In general, the ill effect of retroactivity is the frustration of the expectations of those who have justifiably relied on a prior rule; the ill effect of prospectivity is the partial frustration of the statutory purpose which the agency has perceived to be advanced by the new rule.
See Retail Union,
466 F.2d at 390;
cf. Linkletter v. Walker,
381 U.S. at 636, 85 S.Ct. at 1741 (weighing reliance placed by law enforcement officials on prior rule against extent to which retroactive application of new rule would advance its purpose in the administration of justice). In this case, we believe that the harm to plaintiffs’ justifiable reliance interests is substantial and that it is unfairly and unnecessarily inflicted. Meanwhile, we can see absolutely no harm to the statutory design from limiting the
Pack
rule to prospective application; in fact, we think that retroactive application would be contrary to the statutory purpose.
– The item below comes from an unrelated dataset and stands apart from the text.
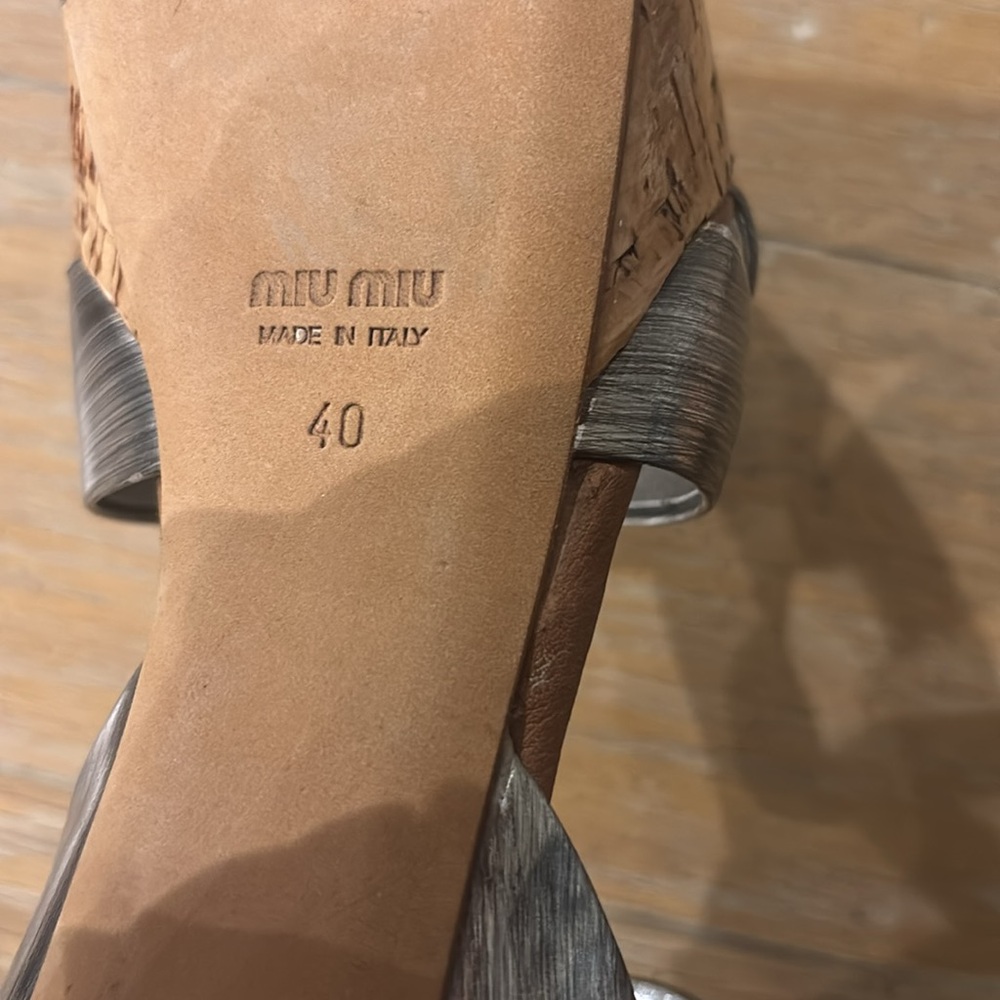 Silver And Cork Miu Miu Heels - image 6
We first examine the reasonableness of plaintiffs’ reliance on the practice established by the BLM. The regulation did not clearly require plaintiffs to file accompanying statements; the phrase “signed by” an agent is at best ambiguous on the question whether an offer bearing the offeror’s facsimile signature but not the agent’s signature is required to comply. The only administrative interpretations of this language when McDonald and Walsh filed their offer strongly indicated that such an offer was not within the meaning of the regulation: in
Shaffer
the Secretary said the regulation applied only when the agent signed “expressly” as agent, and in
Arata
the IBLA held that an offer with a facsimile signature was signed by the offeror if the offeror intended it to be his signature.
On the basis of these precedents, one branch of the agency itself — the branch immediately responsible for filing matters— had concluded that accompanying statements were not necessary and followed that
interpretation for over four years.
Thus, while the IBLA’s decision in
Pack
did not technically overrule any “official decision,”
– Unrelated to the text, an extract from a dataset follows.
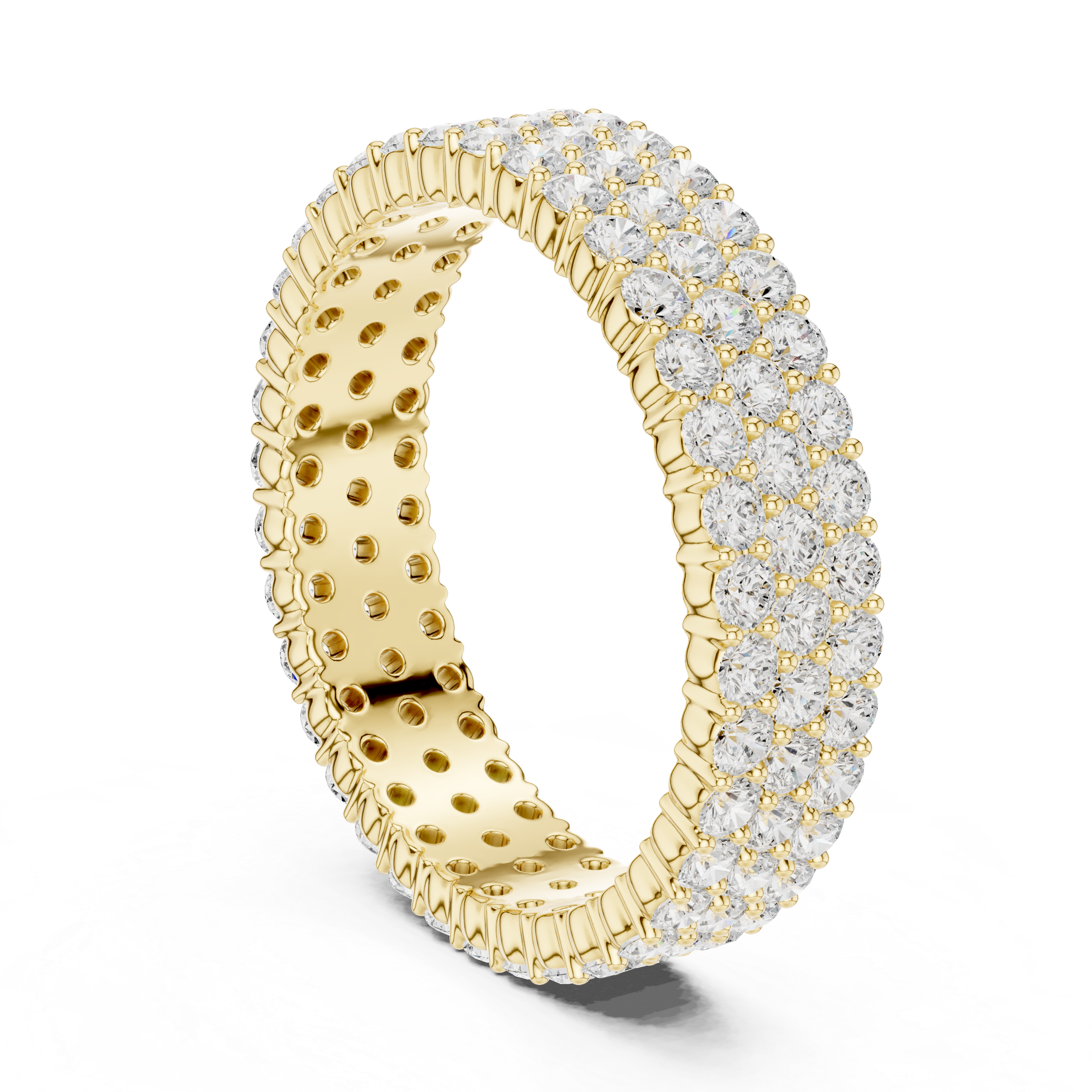 Solid Gold Triple Row Collet Diamond Eternity Ring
it was unquestionably “an abrupt departure from [a] well established practice” of the agency.
Retail Union,
466 F.2d at 390.
In these circumstances, we must conclude that plaintiffs’ interpretation of the regulation was a reasonable one indeed. The ex-, treme prejudice to plaintiffs and others who relied on the BLM’s practice — the denial of an entitlement expressly created by statute,
see
30 U.S.C. § 226(c) — must be justified by at least some statutory or regulatory interest in retroactive application.
In this case we can find no such justification. The statute itself certainly does not require the definition of a “qualified” applicant adopted by the agency in this case. And while the regulation was adopted to further the general statutory purpose of equal access to leases through full disclosure of interests, there is no serious contention that this purpose will be furthered by applying the
Pack
rule retroactively to this case. Plaintiffs have complied with the spirit of the regulations by fully disclosing all interests in the lease; they also believed in good faith that they were complying with its letter as that letter had been
spelled out in previous decisions and in the practice of the BLM.
Rather than advancement of the statutory purpose through retroactive application of
Pack,
we can see only its frustration. More than 400 individuals using Stewart’s filing service alone have been awarded leases on offers rendered “unqualified” by the
Pack
decision. Since leases are often open to challenge long after they have been issued,
the effect of retroactivity is to cloud title to hundreds of issued leases. This “emerging specter of chaotic, piecemeal title challengefs],”
Oil Shale Corp. v. Morton,
370 F.Supp. 108, 127 (D.Colo.1973), threatens a disruption of the entire statutory leasing program for the sake .of a new interpretation of an ambiguous and inconsistently implemented regulation.
Finding the prospectivity side of the scale full ■ and the retroactivity side empty, we conclude that the agency abused its discretion by applying
Pack
to the McDonald and Walsh offer, which was filed before the date of the IBLA’s decision in
Pack
I.
The judgment of the district court is REVERSED. The case is REMANDED to that court for entry of judgment in accord with this opinion.